Ananya Azad, pour sa part, insiste sur le fait qu’au Bangladesh qui est un « pays laïque et démocrate », tout le monde devrait avoir le droit de dire ce qu’il / elle veut. "Il parait juste que tout le monde ait le droit de prendre la parole ou de pouvoir fournir des contre-arguments à chacun.

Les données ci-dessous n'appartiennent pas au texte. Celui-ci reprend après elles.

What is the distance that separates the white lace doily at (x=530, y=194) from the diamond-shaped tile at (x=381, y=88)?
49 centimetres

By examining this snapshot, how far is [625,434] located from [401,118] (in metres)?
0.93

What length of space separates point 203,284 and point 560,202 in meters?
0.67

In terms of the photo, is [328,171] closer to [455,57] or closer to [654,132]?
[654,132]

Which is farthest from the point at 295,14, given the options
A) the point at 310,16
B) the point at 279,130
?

Mais personne n’a le droit de tuer, de harceler ou de torturer quelqu’un juste parce qu’ils s’expriment défavorablement envers certains courants d’opinions ou favorisent l’émergence de nouvelles idées », souligne Ananya Azad.

Le Times of india lui a enfin transmis ces deux questions : "N’y a-t-il pas d’autres options pour afficher son athéisme que la défense de la Saint Valentin ? Que diriez-vous d’écrire contre le terrorisme ?"

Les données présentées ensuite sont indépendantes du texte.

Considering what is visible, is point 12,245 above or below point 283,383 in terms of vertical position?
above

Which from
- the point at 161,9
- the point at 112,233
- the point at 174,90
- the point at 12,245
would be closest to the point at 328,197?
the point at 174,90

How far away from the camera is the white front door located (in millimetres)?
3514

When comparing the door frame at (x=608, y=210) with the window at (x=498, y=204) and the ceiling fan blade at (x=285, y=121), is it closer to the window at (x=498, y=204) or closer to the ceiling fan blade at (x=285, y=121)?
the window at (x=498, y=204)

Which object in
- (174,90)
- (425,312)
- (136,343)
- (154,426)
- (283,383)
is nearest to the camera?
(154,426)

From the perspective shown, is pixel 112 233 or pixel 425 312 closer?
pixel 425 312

Ce qui a intrigué le couple est que les gens, même soi-disant progressistes les ont fustigé en faisant valoir que les baisers en public ne correspondent pas à la philosophie de la culture bengali. Mais Ananya Azad a vivement réfuté cet argument en soulignant que ce qui apparait le plus étrange est que son pays se soit lui-même transformé en un lieu où il n’est pas normal d’embrasser quelqu’un en public, mais où il est parfaitement admis que des gens tuent un homme ou violent une femme au nom de la religion !
"Un baiser public, pour eux, est plus dangereux que le lynchage à mort en plein jour.."

Haque et Azad affirment que l’intolérance au Bangladesh exacerbe des points de vue opposés à leur vision du monde, et qu’écrire sur le terrorisme c’est avant tout écrire sur l’éthos qui le nourrit. A la question de savoir s’ils sont conscients du débat sur l’intolérance en Inde ? Shammi Haque rétorque : "L’Inde n’est pas non plus une nation tolérante. La liberté totale de parole, ne peut également y être exercée".